| The problem |
This task calls for the lines below starting at the one containing "Polska książka : Jednostka ... - Hal Gold" and ending at the one containing "LuxluxHouse Best Quality", repeated exactly with both ends kept and pictures left out.

--------

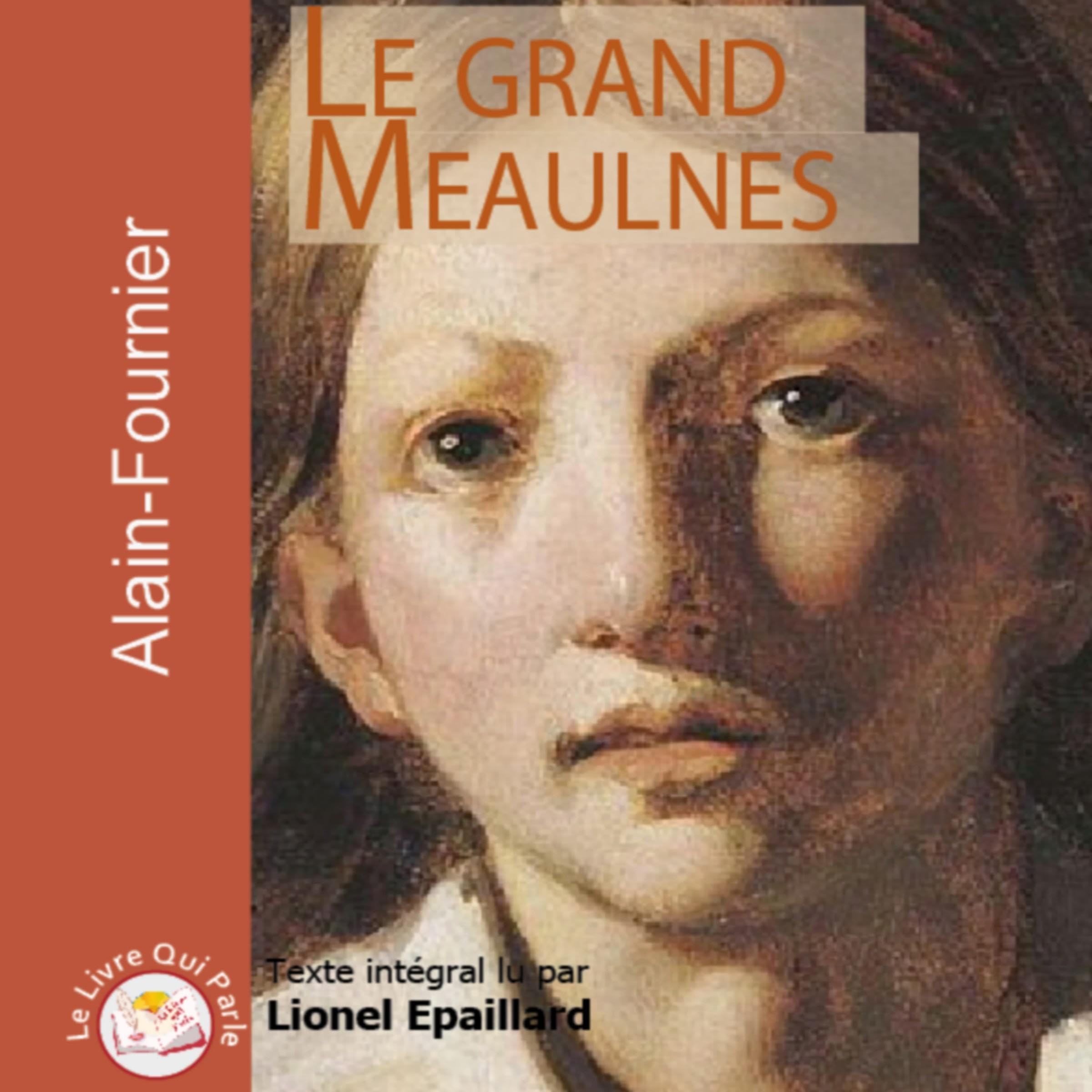 Le grand Meaulnes
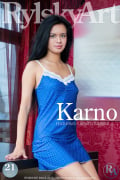 Karno: Carmen Summer #1 of 17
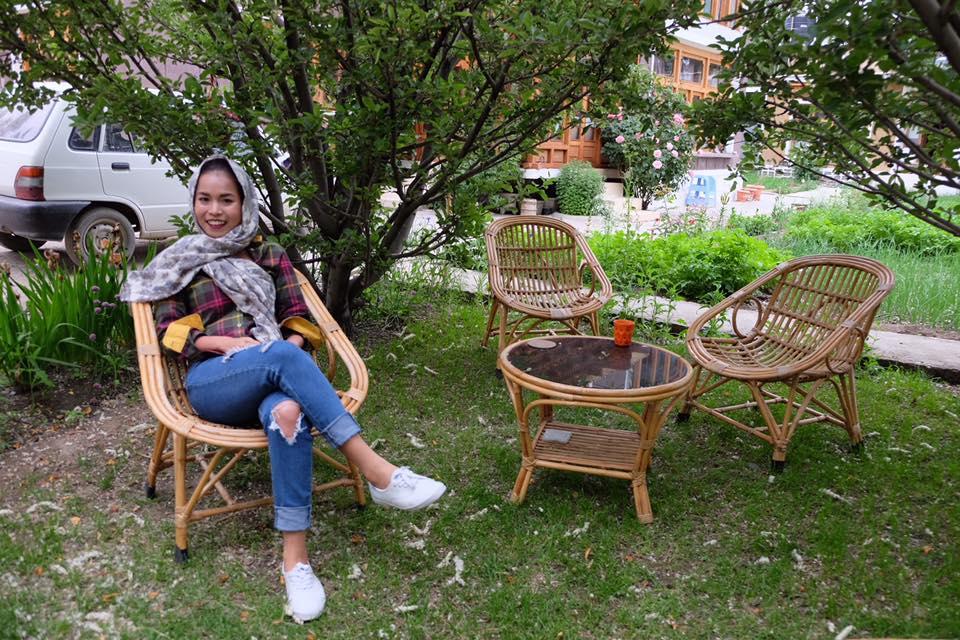 فندق دار ضيافة سانجتو جرين ليه المظهر الخارجي الصورة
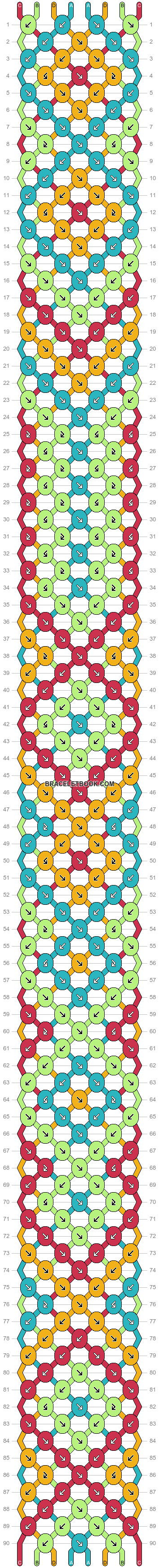 Normal pattern #177342 variation #391106 pattern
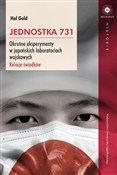 Polska książka : Jednostka ... - Hal Gold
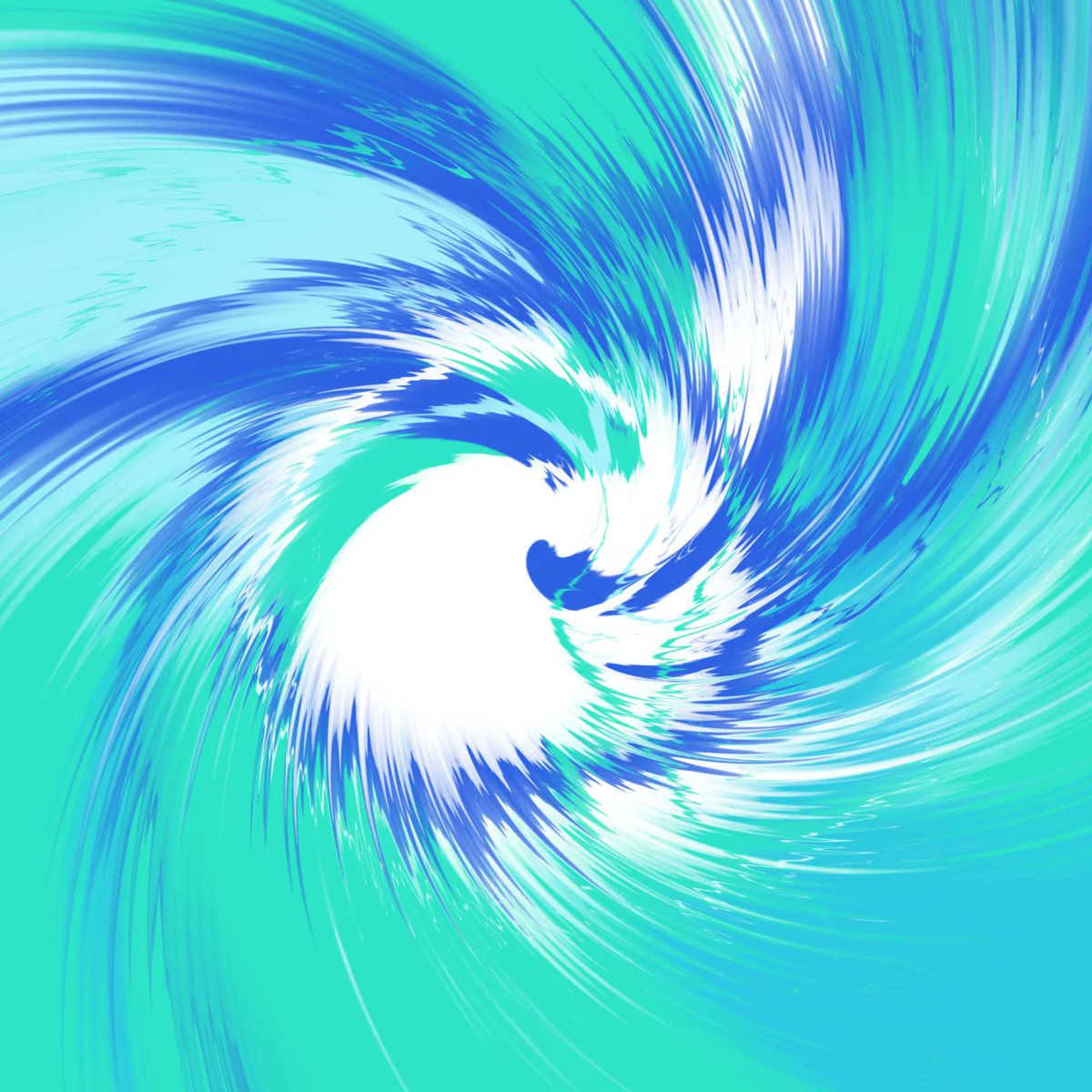 Mr_NFTCollector's tweet image. Splash!
#AddictedTo @HENI @hirst_official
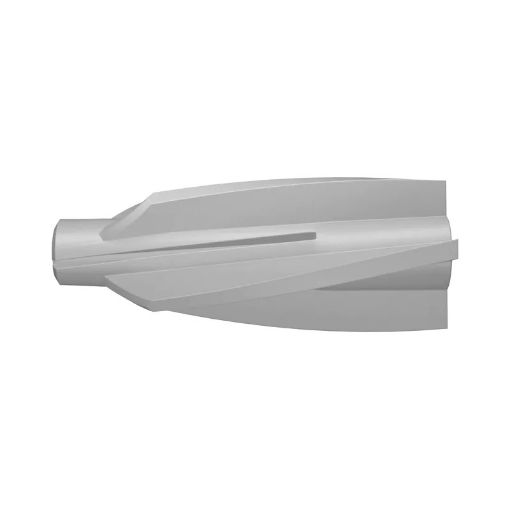 Slika FISCHER Tipl plastični za gasbeton (Ytong) GB 8 Twist Lock Anchor  25/1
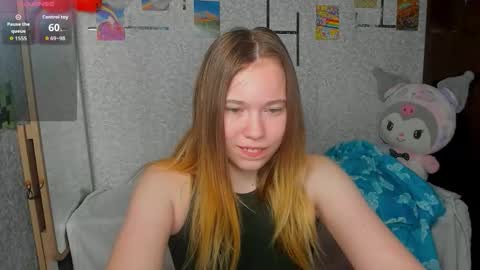 Snapshot of marryjanes chatting on 11.08.25 marryjanes online show from 11.08.25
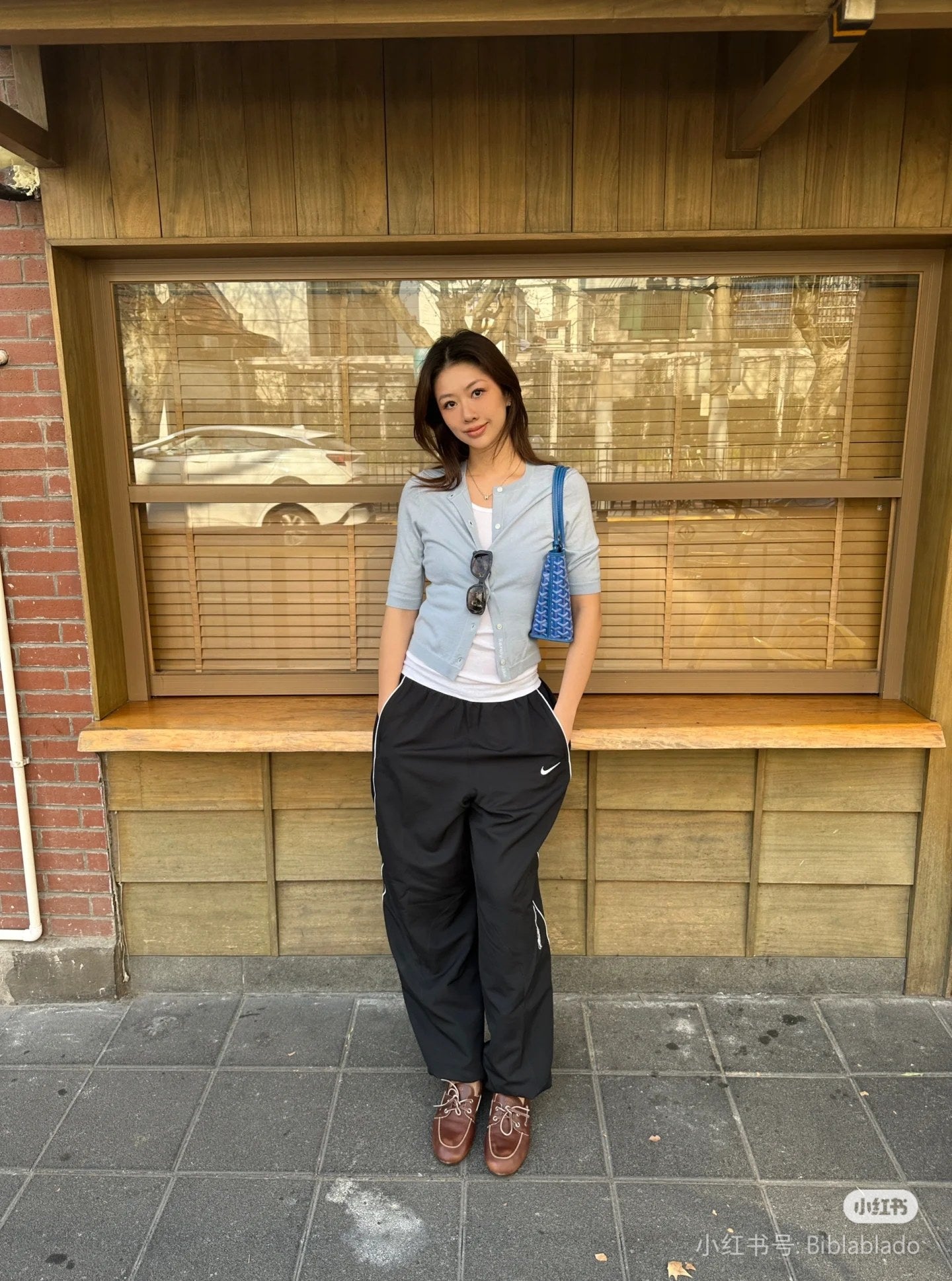 LuxluxHouse Best Quality Clothes Nike & Adidas Pants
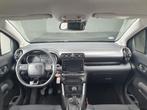 Citroën C3 Aircross 1.2 PureTech S&S Feel NAVI/CRUISE/AIRCO, Auto's, Gebruikt, Euro 6, 1199 cc, Zwart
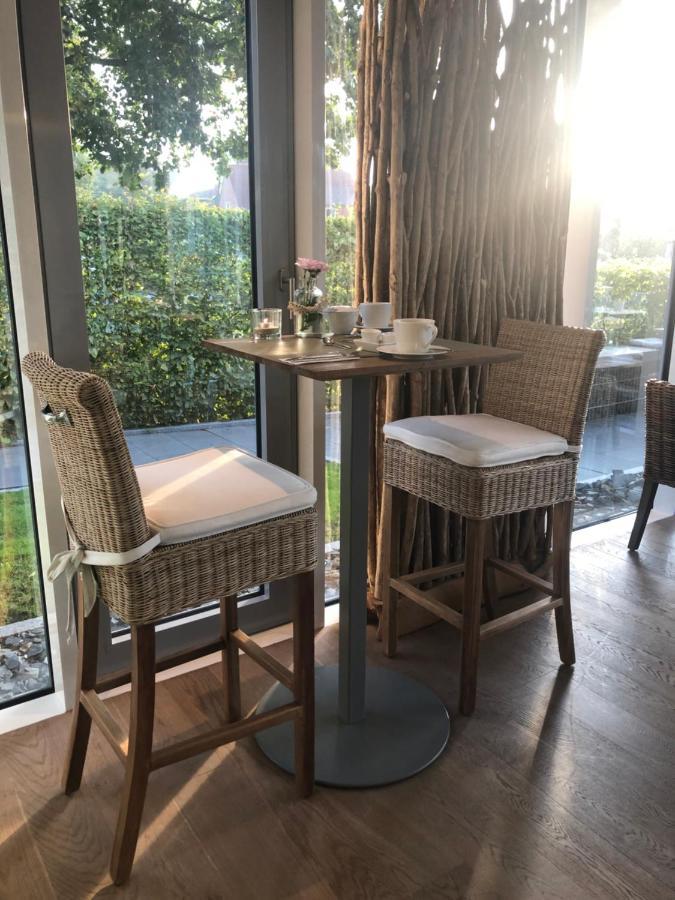 Hotel Leegerpark Greetsiel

--------

| Solution |
 Polska książka : Jednostka ... - Hal Gold
 Mr_NFTCollector's tweet image. Splash!
#AddictedTo @HENI @hirst_official
 Slika FISCHER Tipl plastični za gasbeton (Ytong) GB 8 Twist Lock Anchor  25/1
 Snapshot of marryjanes chatting on 11.08.25 marryjanes online show from 11.08.25
 LuxluxHouse Best Quality Clothes Nike & Adidas Pants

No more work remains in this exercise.